Y en este cuaderno hablamos, desde hace años, de la naturalidad de la literatura. No de lo que se dice "claro", "transparente", "fácil", "simple". No son adjetivos ajustables a la Naturaleza de la poesía, la poesía puede ser Natural tal que la propia Naturaleza, como suena el mar en la noche o como los pájaros deslizan en la mañana el dulce lamento de sus cuerpos minúsculos.
La naturalidad puede ser compleja, incluso inextricable para el lector.
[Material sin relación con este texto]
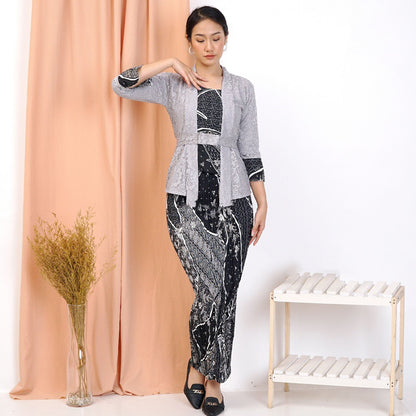 Stunning Elnira Lace Modern Graduation Kebaya Set Batik Pleated Skirt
Así, uno persigue el punto de equilibrio entre la naturalidad y el decir humano, el punto de encuentro entre escritor y lector, la geografía en que el lector se siente creador de lo que lee y el escritor se confunde con la esencia primera de la lectura.
Ante la muerte, que es comienzo y renovación, los antiguos actuaban de dos formas: la egipcia, momificando el cuerpo para que el alma se desprendiera lentamente y la latina, que consistía en la construcción de una pira para incinerar con la intención de que esa bifurcación al alma y el cuerpo fuera rápida y sin ambages. Así los cristianos primitivos, así las sociedades antiguas. La relación entre alma y cuerpo, -recordemos a Pitágoras, iniciado en Egipto-, es una metempsícosis incesante.
Es así como entiendo el fenómeno de la vida; el cuerpo con el alma, el alma habitando el cuerpo. Así las artes, así las literatura, cuerpo y alma y viceversa. pero qué lejos el alma en la literatura de este tiempo y qué cuerpos tan obtusos, desvanecidos, con tan poca esbeltez de belleza.